En esas situaciones, decimos que sí, que Dios existe,
que nos ha creado, pero que en ese momento terrible no sabemos dónde está ni lo
que hace. Él está presente pero, en esos momentos, su presencia es lamentable y
hasta tenemos la impresión, a veces, de que no le importa nada nuestro dolor. Incluso,
algunos llegan a pensar que es Dios quien nos manda el dolor como una prueba
que nos purifica. ¡Qué barbaridad!
¿De qué nos purifica, si las personas, casi
siempre, salen peor de las pruebas de la vida?
¿Por qué sucede esto? No lo sé, ni tampoco lo
saben Pedro y Marcos, que son los que nos cuentan la historia. Sólo dicen que,
en la dificultad, Dios duerme.
Duerme, pero está en la barca con nosotros,
dispuesto a compartir hasta el final nuestra suerte.
Duerme, y no interviene porque quiere dejar a
salvo nuestra dignidad y dejar a nuestra capacidad la tarea de arreglarnos en
las dificultades de la vida. ¿Por qué pedimos ayuda a Dios en situaciones en las
que, tal vez, podríamos intervenir nosotros? ¿Por qué no confiamos más en este
Dios que conoce nuestros sufrimientos y sabe calmar la tempestad?
Dios nos hace capaces de atravesar el mar en
tempestad. Él está con nosotros, también cuando no interviene; él comparte
nuestro sufrimiento.
¿Y la fe?
Y también nos pregunta: “¿Aún no tenéis fe?” No
Señor, no tanta como necesitaríamos para cruzar el mar en tempestad.
A menudo nuestra minúscula fe va ligada a un pacto
“segurola”: si todo va bien, Dios existe; pero si las cosas se tuercen, entonces
me parece que Dios es un sádico omnipotente que no se cuida de mí.
Si mi vida funciona, Dios es bueno; si mi vida está
atribulada y en dificultad, Dios es malvado.
Jesús ha venido a traernos otra noticia, un rostro
diferente de Dios: el rostro de un Dios que comparte, de un Dios que sabe, de
un Dios que sufre, que conoce la tempestad, pero que no le tiene miedo.

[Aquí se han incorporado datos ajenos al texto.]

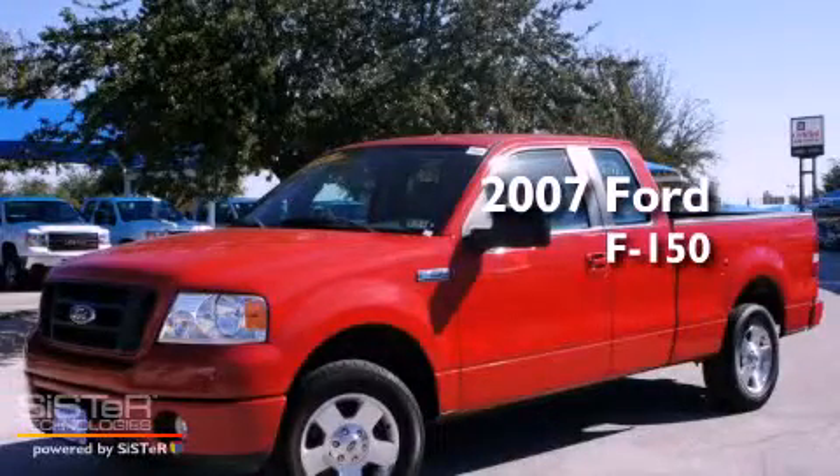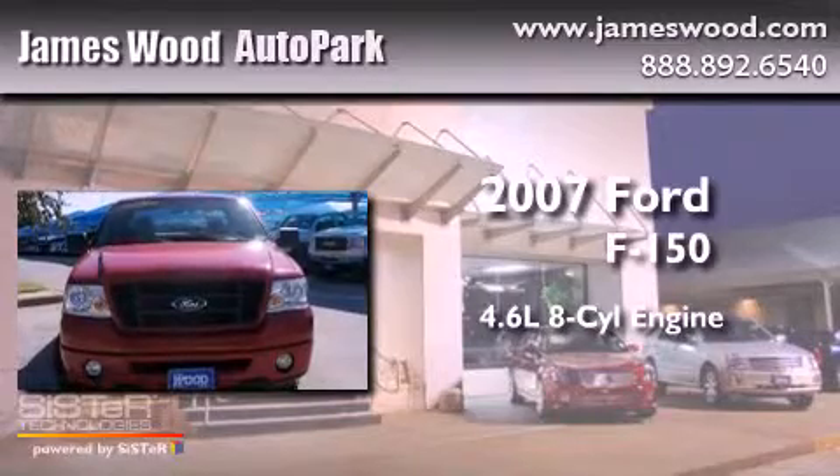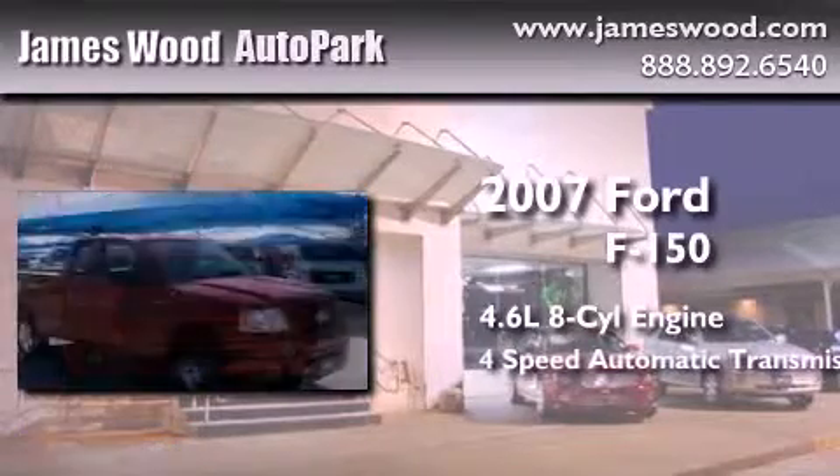This is a 2007 Ford F-150. It features a 4.6-liter, eight-cylinder engine and a four-speed automatic transmission.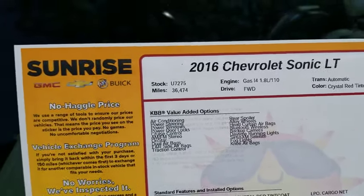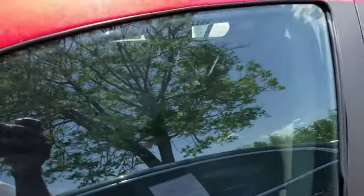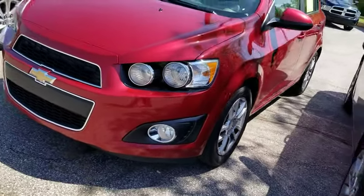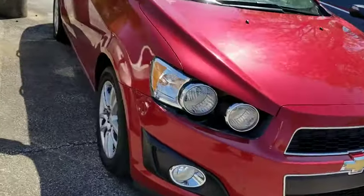2016 Chevy Sonic, stock number U7275. This vehicle has 36,000 miles on it. It is your LT trim level, which allows you to get your alloy wheels. This one has fog lights on it as well as daytime running lights.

Tengamos confianza, amigos, aunque el barco haga
agua. Procuremos únicamente haber subido a la barca de Jesús, tal como es, sin
quererlo cambiar como nos gustaría a nosotros.
Marineros inexpertos
Muchas veces la imagen de la barca ha sido usada
para describir la comunidad cristiana que tiene que atravesar las marejadas de
la historia. ¡Y cuánta agua ha anegado la Iglesia!
Dificultades internas causadas por la pobreza
interior y por nuestra falta de fe;
dificultades externas de quién no traga a la Iglesia y la quiere hundir
o, mejor aún, quiere hundir la imagen deforme de Iglesia que tiene en su
cabeza... tal vez causada por el mal comportamiento de los cristianos.
Sin embargo, el sueño de Dios que es la Iglesia,
vive, existe, y reúne a hombres y mujeres de culturas diferentes en la única
esperanza, en el único Señor. A pesar de nosotros los cristianos.
El Espíritu asiste a quien se encomienda a él, y
conduce a su Iglesia. A nosotros nos queda la elección: podemos quedar en la
orilla y hacer comentarios sarcásticos viendo
trabajar a los pescadores, o podemos subir a la barca y atravesar el mar con
confianza.
Yo, ya he elegido: he subido a la barca de la
Iglesia. Aunque a veces parezca que Jesús duerme, él navega con nosotros.